In music, counterpoint is the ability to “say” two things at once comprehensibly. The term comes from the Latin punctus contra punctum, i.e., “point against point” or “note against note.” A single part or voice added to another is called “a counterpoint” to that other, but the more common use of the word is that of the combination of simultaneous parts resulting in a coherent texture. In this sense counterpoint is the same as polyphony.

The art of counterpoint developed gradually from the 9th century onward and reached its highest point at the end of the 16th century and beginning of the 17th century. The chief theorist responsible for the formulation of those rules was Josef Fux whose Gradus ad Parnassum of 1725 is a book that still shows its influence in modern textbooks.

The study of strict counterpoint is divided into five categories or species, as they are known. Based on the practice of early composers, a cantus firmus (fixed song), i.e., a short melody, is written by the teacher against which another melody is to be written by the student or several such melodies. It is usually written with one note to a measure (bar).

The species are as follows:

  • Species I
    The added voice proceeds at the same pace as the cantus firmus, with one note to a measure.

  • Species II
    The added voice proceeds at twice (or 3 times) the pace of the cantus firmus with two or three notes to a measure.

  • Species III
    The added voice proceeds at 4 (or 6) times the pace of the cantus firmus with four notes to a measure.

  • Species IV
    The added voice proceeds (as in Species II) at the rate of two notes to one, two to a measure; but the second note is tied over to the first note of the following measure, i.e., syncopation is introduced.

  • Species V
    (Sometimes called florid counterpoint.) The added voice employs a mixture of the processes of the other four species and also introduces shorter notes.

In the twentieth century there have been no additions to the study of counterpoint.
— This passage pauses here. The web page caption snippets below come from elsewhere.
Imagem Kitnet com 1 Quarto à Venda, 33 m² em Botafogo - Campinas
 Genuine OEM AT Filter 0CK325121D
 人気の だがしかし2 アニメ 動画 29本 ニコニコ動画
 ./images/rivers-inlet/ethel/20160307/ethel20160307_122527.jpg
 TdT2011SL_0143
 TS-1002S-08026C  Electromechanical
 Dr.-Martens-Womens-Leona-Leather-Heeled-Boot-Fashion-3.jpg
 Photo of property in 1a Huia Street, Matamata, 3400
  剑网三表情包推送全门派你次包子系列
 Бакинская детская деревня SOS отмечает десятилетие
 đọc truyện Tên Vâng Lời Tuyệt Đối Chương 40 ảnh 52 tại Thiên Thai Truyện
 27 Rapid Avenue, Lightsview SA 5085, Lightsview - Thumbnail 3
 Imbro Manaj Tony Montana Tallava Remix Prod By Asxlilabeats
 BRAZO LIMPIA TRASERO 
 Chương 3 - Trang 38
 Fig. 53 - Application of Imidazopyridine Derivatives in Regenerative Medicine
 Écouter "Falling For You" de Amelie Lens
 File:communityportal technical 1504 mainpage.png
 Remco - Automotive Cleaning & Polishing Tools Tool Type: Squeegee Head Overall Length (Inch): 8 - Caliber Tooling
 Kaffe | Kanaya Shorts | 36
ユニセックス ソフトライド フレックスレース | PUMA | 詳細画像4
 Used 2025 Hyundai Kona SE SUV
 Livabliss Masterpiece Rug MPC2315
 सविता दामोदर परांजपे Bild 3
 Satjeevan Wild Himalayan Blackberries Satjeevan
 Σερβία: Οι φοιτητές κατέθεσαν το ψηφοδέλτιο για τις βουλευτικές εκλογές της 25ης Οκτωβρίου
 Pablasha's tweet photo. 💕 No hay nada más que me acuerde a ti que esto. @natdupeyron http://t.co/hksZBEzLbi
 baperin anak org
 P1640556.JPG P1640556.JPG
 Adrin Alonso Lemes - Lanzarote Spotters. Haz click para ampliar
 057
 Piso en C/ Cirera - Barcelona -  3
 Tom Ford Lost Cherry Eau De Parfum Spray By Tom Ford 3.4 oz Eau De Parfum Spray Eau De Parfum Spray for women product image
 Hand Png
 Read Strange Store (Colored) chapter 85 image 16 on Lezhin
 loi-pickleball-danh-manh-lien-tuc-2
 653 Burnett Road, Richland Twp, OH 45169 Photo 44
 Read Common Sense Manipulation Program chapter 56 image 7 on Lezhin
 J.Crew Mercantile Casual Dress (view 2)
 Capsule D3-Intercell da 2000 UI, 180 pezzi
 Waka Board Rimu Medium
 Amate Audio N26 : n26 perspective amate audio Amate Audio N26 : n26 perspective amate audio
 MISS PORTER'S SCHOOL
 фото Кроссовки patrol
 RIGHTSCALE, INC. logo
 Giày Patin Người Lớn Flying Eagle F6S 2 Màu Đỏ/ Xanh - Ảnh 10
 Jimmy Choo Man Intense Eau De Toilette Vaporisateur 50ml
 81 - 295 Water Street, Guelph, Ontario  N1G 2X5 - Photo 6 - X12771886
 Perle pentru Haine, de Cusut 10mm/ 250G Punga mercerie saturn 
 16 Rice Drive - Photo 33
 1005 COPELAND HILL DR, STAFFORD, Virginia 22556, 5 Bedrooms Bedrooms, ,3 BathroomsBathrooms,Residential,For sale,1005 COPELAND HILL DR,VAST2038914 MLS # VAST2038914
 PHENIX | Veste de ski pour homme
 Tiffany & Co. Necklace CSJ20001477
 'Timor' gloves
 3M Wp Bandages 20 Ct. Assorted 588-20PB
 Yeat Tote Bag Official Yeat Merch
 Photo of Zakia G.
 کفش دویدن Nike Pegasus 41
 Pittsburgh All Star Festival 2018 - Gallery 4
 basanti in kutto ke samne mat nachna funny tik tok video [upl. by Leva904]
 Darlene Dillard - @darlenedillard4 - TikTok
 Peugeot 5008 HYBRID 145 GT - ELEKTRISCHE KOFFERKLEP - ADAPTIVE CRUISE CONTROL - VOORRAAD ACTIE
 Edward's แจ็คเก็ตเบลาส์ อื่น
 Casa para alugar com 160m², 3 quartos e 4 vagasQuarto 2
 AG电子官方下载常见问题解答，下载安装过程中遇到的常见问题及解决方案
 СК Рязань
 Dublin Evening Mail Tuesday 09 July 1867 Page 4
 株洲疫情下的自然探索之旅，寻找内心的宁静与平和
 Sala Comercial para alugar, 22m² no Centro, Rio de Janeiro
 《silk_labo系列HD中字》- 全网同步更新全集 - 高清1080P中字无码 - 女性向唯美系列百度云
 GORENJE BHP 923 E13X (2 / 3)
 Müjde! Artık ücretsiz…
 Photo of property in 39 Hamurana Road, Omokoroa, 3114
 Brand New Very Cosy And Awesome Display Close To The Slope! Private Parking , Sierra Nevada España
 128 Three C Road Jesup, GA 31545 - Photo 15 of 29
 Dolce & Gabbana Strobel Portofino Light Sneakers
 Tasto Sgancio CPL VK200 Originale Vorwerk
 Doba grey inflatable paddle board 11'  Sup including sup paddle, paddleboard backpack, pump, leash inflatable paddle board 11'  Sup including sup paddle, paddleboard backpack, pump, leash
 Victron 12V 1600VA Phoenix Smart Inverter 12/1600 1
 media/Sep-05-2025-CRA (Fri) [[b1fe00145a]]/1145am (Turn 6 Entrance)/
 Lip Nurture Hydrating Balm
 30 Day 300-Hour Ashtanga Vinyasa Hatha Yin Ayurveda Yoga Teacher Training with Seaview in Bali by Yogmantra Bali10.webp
Most modern music is based on the study of harmony, which grew out of the analysis of counterpoint. Theorists discovered that contrapuntal music functioned vertically as well as horizontally. Even though the predominant study of modern music primarily involves harmony, there are many music theorists who are convinced that the function of harmony and chord progression cannot be properly analyzed with the exclusion of contrapuntal thinking.